Malanson, the chair of the committee, said the working group spent two semesters on forming the proposal, but one idea they kept coming back to was an interdisciplinary course.
Janet Badia, the director of women’s studies and a member of the working group, said, “In its ideal form it would entail three professors teaching the class together. It would be team teaching importantly in the sense of all three professors being present in the class for all sixteen weeks.”
An example she gave included a class covering the human body. She said each professor would give a perspective from the humanities side, the social sciences side, and the science side.
According to Malanson, the course would be problem based class taken during a student’s freshman year. The course would teach students how experts from each discipline would approach the same topic.
“Instead of an intro to science, it’s a specific issue that they might be passionate about,” Malanson said. “It gives them this opportunity to engage in a more meaningful learning experience from day one that might help them feel more engaged with the university.”
Malanson said the course could also be used as a recruitment tool for the university.
“I’m not saying we’d be the first to ever do it, but it’s not a common thing, and especially not for students who are coming to a regional campus that has far fewer resources than IU or Purdue,” Malanson said.
The group is made up of 16 members, each being from a different department within the College of Arts and Sciences.
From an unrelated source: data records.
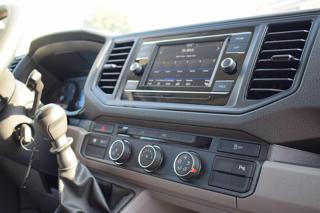 VOLKSWAGEN Crafter usata, con USB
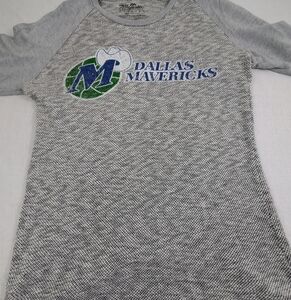 Dallas Mavericks Retro Green Logo Jersey  Sleeve Grey Top Majestic Medium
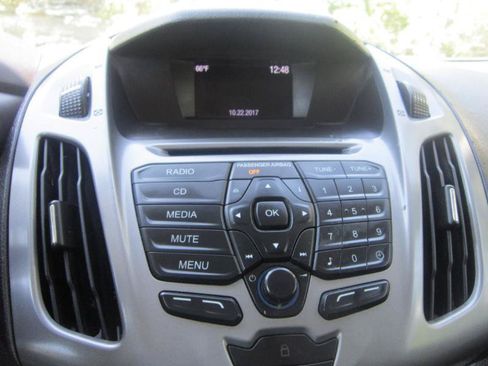 Used 2016 Ford Transit Connect XLT FWD image 12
It was formed in the fall of 2013 when IPFW implemented a new general education program.
“When our general education system changed, it created certain issues in the curriculum that the faculty felt needed addressed,” Nancy Virtue, a French professor and member of the working group, said. “The working group was charged with exploring how we might address certain weaknesses in the current requirements.”
According to Malanson, four of the group members voted against the proposal in its entirety, not just the interdisciplinary course. Those who did not agree with the interdisciplinary course were concerned about the logistics of maintaining the course.
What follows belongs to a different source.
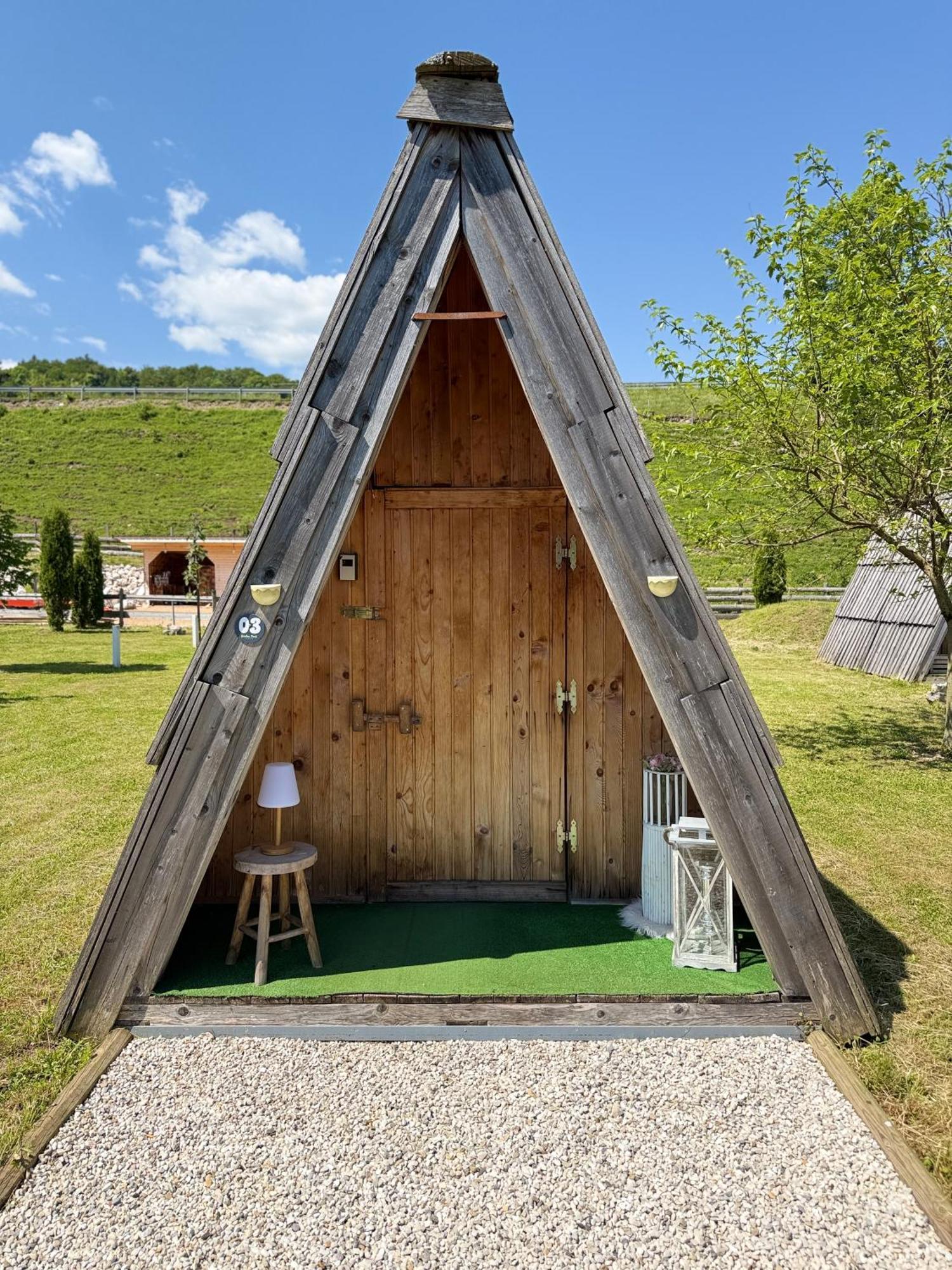 Camp Garden Park-Pitches And Tents Radovljica Zewnętrze zdjęcie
“It probably would be very difficult for smaller departments to lend faculty to teach that course, so it would not have the full flavor of all the College of Arts and Sciences disciplines,” Timothy Grove, an associate professor of physics at the university, said. “I would argue that it’s not really a matter of teaching methods. It’s more a matter of give a dose of this, give a dose of that. It’s more of say filling out a shopping cart list than anything I would consider a teaching method.”
“The next thing up in this process is figuring out how we can actually do this responsibly. We don’t want to adopt a set of requirements that we can’t actually give our students in a meaningful way,” Malanson said.
According to Virtue, the proposal currently sits with the College of Arts and Sciences executive committee, who are currently determining the next steps in how to move forward with the proposal.